A fronte di questo, un governicchio comunque chiamerebbe le forze politiche maggioritarie in parlamento a fare i primi conti con il mantenimento delle promesse di campagna elettorale. Questo effetto verrebbe inevitabilmente anche dal contratto alla tedesca vagheggiato da Di Maio, non privo di rischi elettorali in un sistema politico ben più volatile come quello italiano.

Per contro, non è alla fine indispensabile un governo di scopo per una nuova legge elettorale.

È ben vero che il nuovo mantra è quello della maggioranza «certa», con buona pace della rappresentatività delle assemblee.

Ma già il Rosatellum basta a rafforzare i vincenti del 4 marzo (M5S e Lega), a danno degli altri. Quindi, il quadro di insieme degli interessi delle forze politiche prevalenti indica che si potrebbe tornare alle urne subito, magari anche prima dell’estate, e qualunque sia l’opinione di Mattarella.

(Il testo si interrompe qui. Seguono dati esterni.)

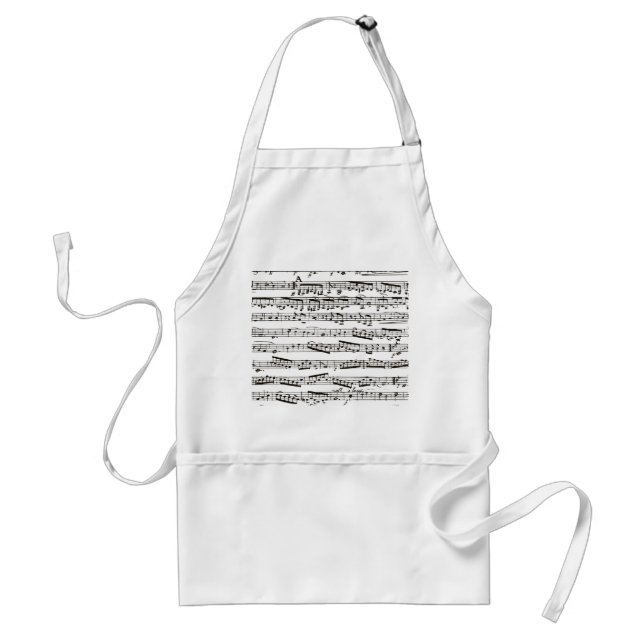 Black and white musical notes adult apron (Front)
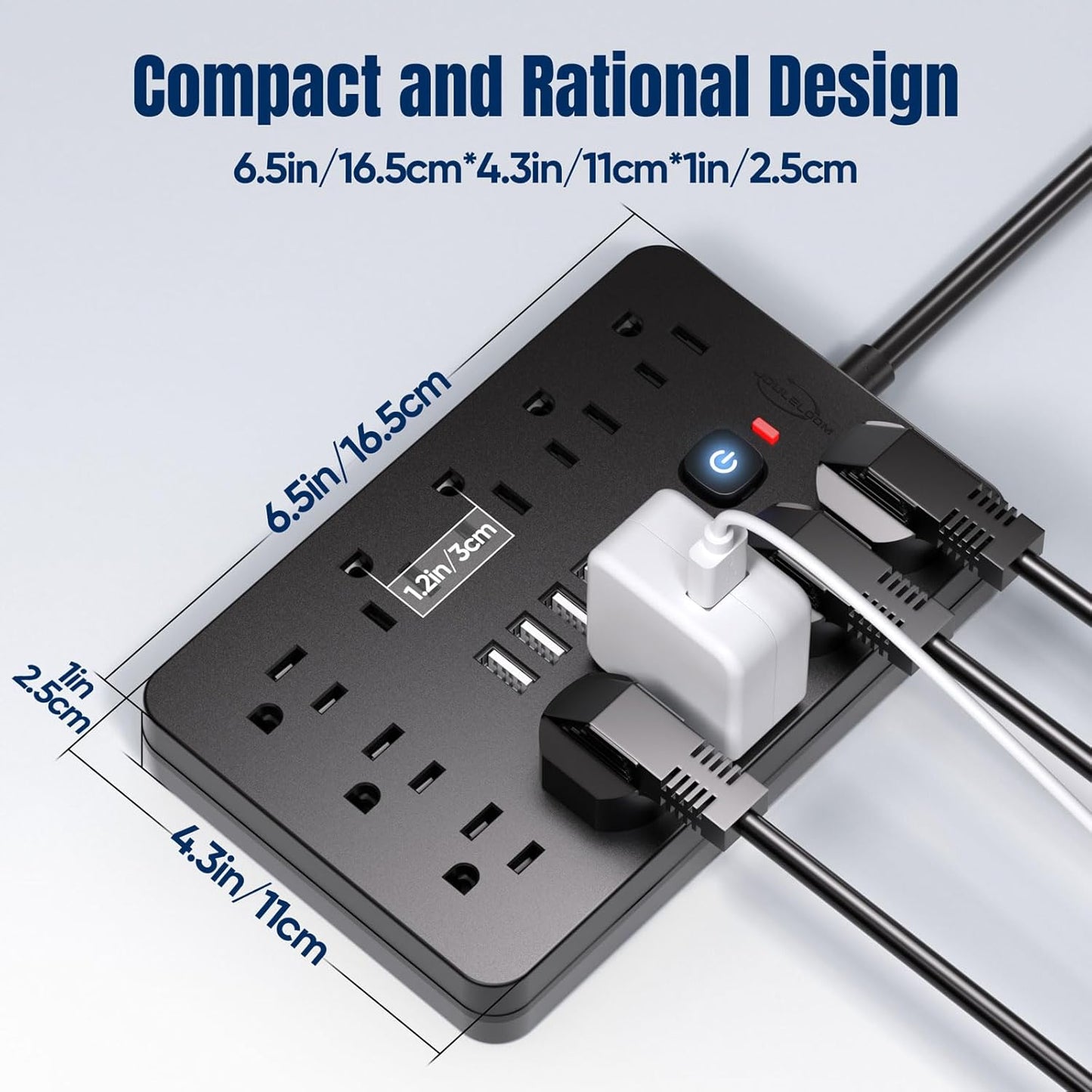 20 FT Flat Plug Surge Protector Power Strip,11 Multiple AC Outlets with 6 USB Ports (2 USB C), 20 Feet Extension Cord, 1250W/10A, One Touch Switch Button, 17 in 1 Compact powerstrip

Ovviamente, rebus sic stantibus.

Certo, i mattarelliani del Pd potrebbero sorprenderci con un ruggito da leoni. O Di Maio folgorato sulla via di palazzo Chigi potrebbe avere un ravvedimento operoso. Berlusconi potrebbe ritirarsi a vita privata e risolvere i problemi di Salvini.

Ma potrebbe Renzi trasformarsi in uno statista pensoso dalla salus rei publicae?